[[ INFORMATION SUPPLIED open ]]
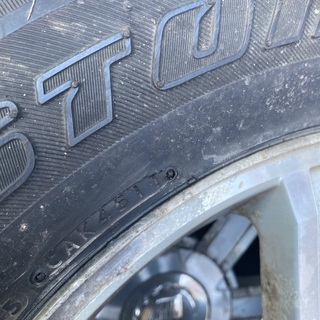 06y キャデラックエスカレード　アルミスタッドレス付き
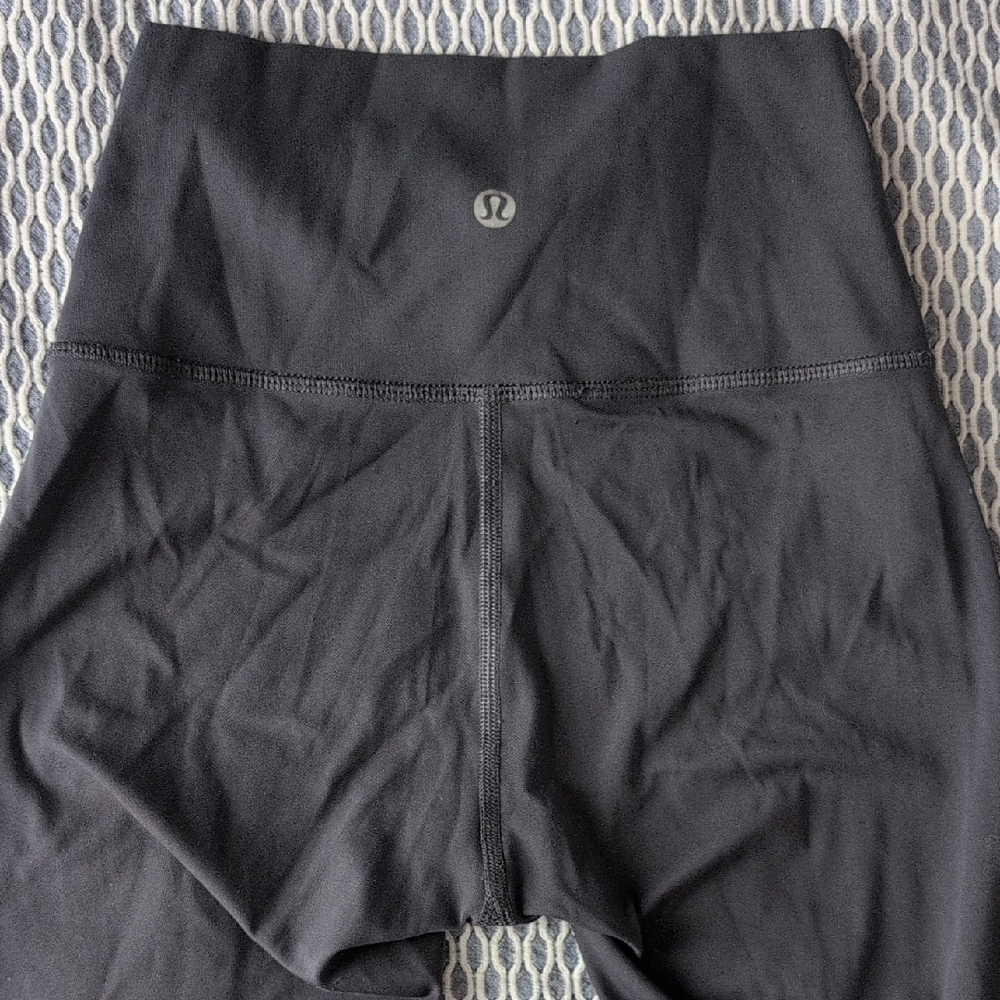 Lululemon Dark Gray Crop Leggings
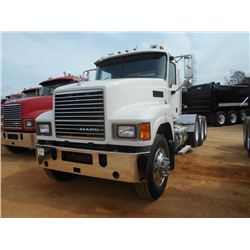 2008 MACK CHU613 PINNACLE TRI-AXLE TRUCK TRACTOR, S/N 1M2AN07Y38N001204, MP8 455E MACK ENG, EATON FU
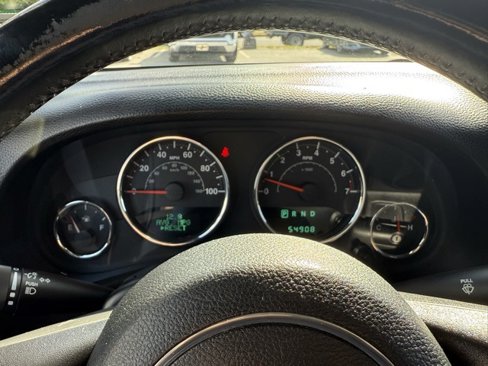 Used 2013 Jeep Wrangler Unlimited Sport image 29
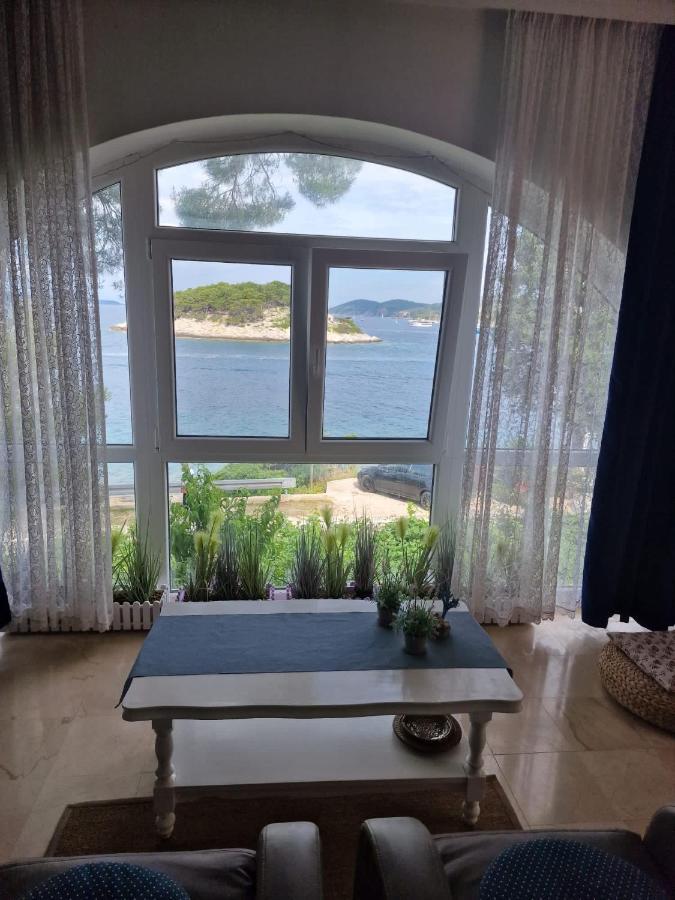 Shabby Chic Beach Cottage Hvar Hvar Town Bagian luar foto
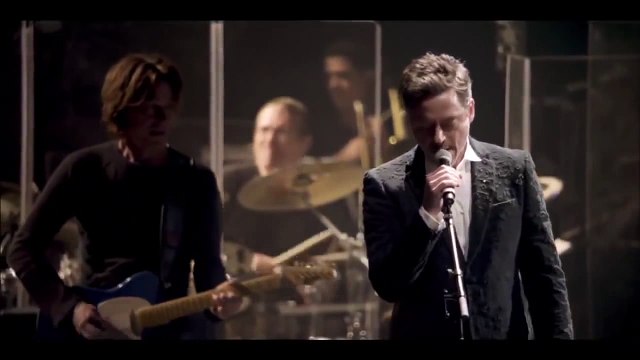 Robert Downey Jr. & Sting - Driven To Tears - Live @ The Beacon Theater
[[ INFORMATION SUPPLIED closed ]]
- _ACTIVITY_
Each of the lines above should be transcribed exactly; no image is to be copied.

- _ANSWER TO THE EXERCISE_
 06y キャデラックエスカレード　アルミスタッドレス付き
 Lululemon Dark Gray Crop Leggings
 2008 MACK CHU613 PINNACLE TRI-AXLE TRUCK TRACTOR, S/N 1M2AN07Y38N001204, MP8 455E MACK ENG, EATON FU
 Used 2013 Jeep Wrangler Unlimited Sport image 29
 Shabby Chic Beach Cottage Hvar Hvar Town Bagian luar foto
 Robert Downey Jr. & Sting - Driven To Tears - Live @ The Beacon Theater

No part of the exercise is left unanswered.